Snippet: General NLP¶
Domain Context¶
Text classification, named entity recognition, sentiment analysis, text summarization, and other core NLP tasks. Pre-LLM techniques remain highly relevant for production systems where cost, latency, and interpretability matter.
Task Selection Guide¶
- Classification: start with TF-IDF + logistic regression baseline before using transformers
- NER: use token classification with pretrained transformer; SpaCy for quick prototyping
- Summarization: extractive first (cheaper, more faithful), abstractive only when extractive is insufficient
- Sentiment: few-shot LLM for prototyping, fine-tuned classifier for production (cost + latency)

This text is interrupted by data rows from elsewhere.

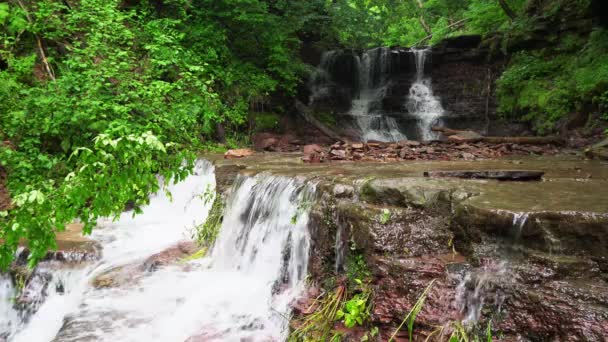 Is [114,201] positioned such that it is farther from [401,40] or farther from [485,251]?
[401,40]

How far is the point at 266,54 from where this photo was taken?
14.1m

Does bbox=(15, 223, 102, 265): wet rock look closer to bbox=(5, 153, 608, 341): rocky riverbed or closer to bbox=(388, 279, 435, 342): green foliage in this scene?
bbox=(5, 153, 608, 341): rocky riverbed

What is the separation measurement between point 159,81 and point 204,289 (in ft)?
14.1

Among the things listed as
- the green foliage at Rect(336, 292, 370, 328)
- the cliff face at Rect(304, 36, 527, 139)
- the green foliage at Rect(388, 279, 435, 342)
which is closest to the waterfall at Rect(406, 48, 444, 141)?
the cliff face at Rect(304, 36, 527, 139)

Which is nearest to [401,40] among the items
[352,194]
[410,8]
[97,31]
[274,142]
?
[410,8]

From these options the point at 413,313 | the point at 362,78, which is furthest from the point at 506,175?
the point at 362,78

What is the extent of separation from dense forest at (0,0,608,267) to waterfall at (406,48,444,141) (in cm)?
236

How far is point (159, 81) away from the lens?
25.0 ft

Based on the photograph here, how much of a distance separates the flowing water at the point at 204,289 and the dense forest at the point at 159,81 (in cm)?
110

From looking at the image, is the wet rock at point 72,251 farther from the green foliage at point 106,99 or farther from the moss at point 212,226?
the moss at point 212,226

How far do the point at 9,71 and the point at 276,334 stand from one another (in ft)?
27.0

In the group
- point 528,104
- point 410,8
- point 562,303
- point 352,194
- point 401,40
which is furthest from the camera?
point 401,40

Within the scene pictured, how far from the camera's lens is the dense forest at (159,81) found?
3.22 metres

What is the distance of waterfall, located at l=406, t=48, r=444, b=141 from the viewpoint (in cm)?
1506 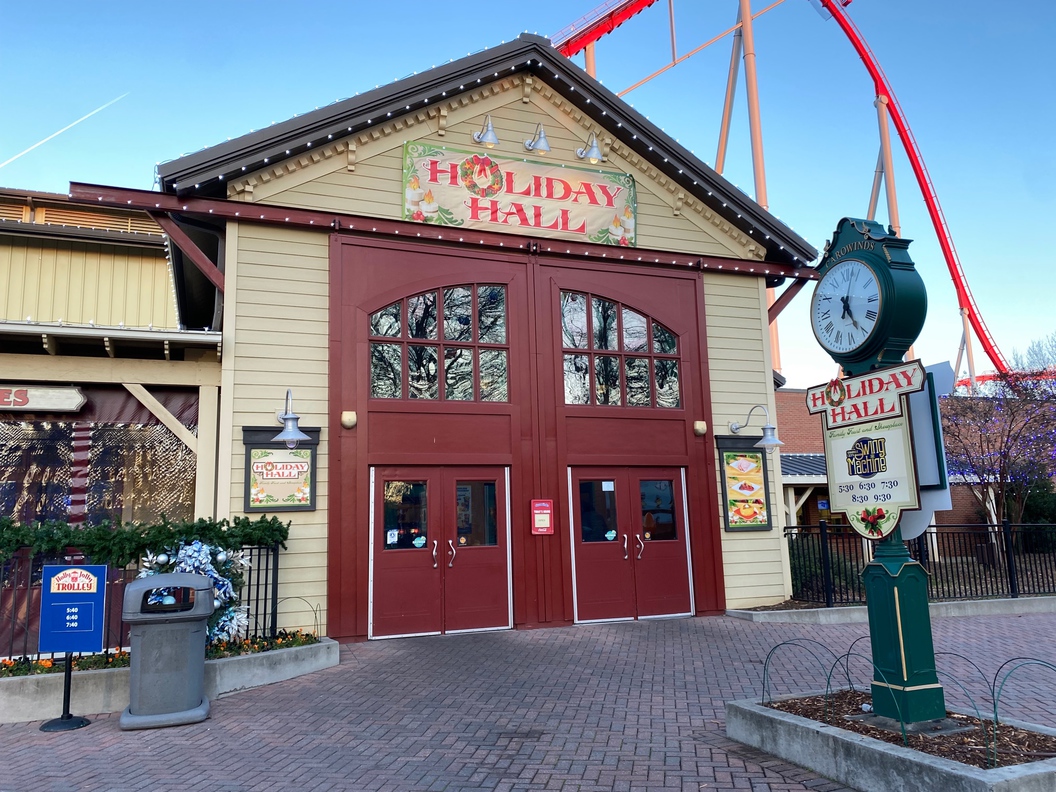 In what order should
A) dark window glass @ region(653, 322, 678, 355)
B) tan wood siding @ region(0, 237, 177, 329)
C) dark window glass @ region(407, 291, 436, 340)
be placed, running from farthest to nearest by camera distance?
1. tan wood siding @ region(0, 237, 177, 329)
2. dark window glass @ region(653, 322, 678, 355)
3. dark window glass @ region(407, 291, 436, 340)

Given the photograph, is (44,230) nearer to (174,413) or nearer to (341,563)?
(174,413)

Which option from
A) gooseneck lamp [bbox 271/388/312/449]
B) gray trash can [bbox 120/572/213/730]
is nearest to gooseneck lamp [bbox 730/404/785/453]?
gooseneck lamp [bbox 271/388/312/449]

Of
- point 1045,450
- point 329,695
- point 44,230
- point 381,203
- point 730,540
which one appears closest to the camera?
point 329,695

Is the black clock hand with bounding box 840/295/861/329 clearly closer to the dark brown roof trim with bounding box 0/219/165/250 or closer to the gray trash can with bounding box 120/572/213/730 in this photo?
the gray trash can with bounding box 120/572/213/730

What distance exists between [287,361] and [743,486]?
764 cm

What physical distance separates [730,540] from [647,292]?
14.4 ft

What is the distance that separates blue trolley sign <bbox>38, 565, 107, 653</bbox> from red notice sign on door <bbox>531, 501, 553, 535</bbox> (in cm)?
601

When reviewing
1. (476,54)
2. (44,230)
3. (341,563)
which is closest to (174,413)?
(341,563)

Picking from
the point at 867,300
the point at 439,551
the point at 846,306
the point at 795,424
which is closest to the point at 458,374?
the point at 439,551

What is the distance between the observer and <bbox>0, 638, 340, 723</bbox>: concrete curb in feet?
23.7

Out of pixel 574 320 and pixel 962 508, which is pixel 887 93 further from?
pixel 574 320

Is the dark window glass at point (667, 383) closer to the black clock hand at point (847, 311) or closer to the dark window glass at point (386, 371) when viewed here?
the dark window glass at point (386, 371)

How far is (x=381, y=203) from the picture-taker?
11.9 m

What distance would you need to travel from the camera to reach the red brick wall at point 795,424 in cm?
2795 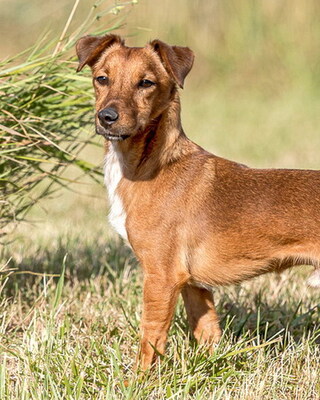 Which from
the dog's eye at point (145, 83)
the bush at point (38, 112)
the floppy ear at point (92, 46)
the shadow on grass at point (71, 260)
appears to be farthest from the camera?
the shadow on grass at point (71, 260)

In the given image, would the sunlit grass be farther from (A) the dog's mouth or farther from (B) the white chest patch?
(A) the dog's mouth

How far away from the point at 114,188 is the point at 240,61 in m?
11.1

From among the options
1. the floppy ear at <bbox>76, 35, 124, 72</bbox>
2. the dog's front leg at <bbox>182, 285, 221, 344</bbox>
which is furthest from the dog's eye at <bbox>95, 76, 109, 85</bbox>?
the dog's front leg at <bbox>182, 285, 221, 344</bbox>

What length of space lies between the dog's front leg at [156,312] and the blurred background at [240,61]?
7621 mm

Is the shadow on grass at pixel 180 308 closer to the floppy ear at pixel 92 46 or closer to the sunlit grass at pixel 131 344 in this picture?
the sunlit grass at pixel 131 344

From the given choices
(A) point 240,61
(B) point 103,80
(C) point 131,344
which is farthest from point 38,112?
(A) point 240,61

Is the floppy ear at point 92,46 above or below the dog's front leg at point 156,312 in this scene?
above

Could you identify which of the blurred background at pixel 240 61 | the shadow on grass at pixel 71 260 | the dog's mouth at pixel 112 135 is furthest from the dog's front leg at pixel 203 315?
the blurred background at pixel 240 61

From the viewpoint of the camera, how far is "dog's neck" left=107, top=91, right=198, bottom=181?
3912 mm

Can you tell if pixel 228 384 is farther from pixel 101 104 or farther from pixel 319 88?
pixel 319 88

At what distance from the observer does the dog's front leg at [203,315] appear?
13.6 feet

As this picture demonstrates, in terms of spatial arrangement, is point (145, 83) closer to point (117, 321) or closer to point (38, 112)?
point (38, 112)

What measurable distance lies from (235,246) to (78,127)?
1698 millimetres

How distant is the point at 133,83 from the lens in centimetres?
379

- Document choice depends on: data volume, latency budget, accuracy requirements, and interpretability needs
Text Preprocessing¶
- Document the preprocessing pipeline explicitly: lowercase, stopwords, stemming/lemmatization choices
- Never silently truncate text — log truncation events and their frequency
- Handle encoding issues upfront: UTF-8 normalize, remove control characters, fix mojibake
- Language detection: run on all inputs; route non-target-language text to appropriate handler
- Tokenization: verify tokenizer handles your domain vocabulary (medical, legal, code, etc.)
Model Selection¶
- Baseline progression: rule-based → TF-IDF + classical ML → fine-tuned transformer → LLM
- For labeled data <1K examples: few-shot LLM or SetFit (no full fine-tune)
- For labeled data 1K-50K: fine-tuned BERT-family model (domain-specific if available)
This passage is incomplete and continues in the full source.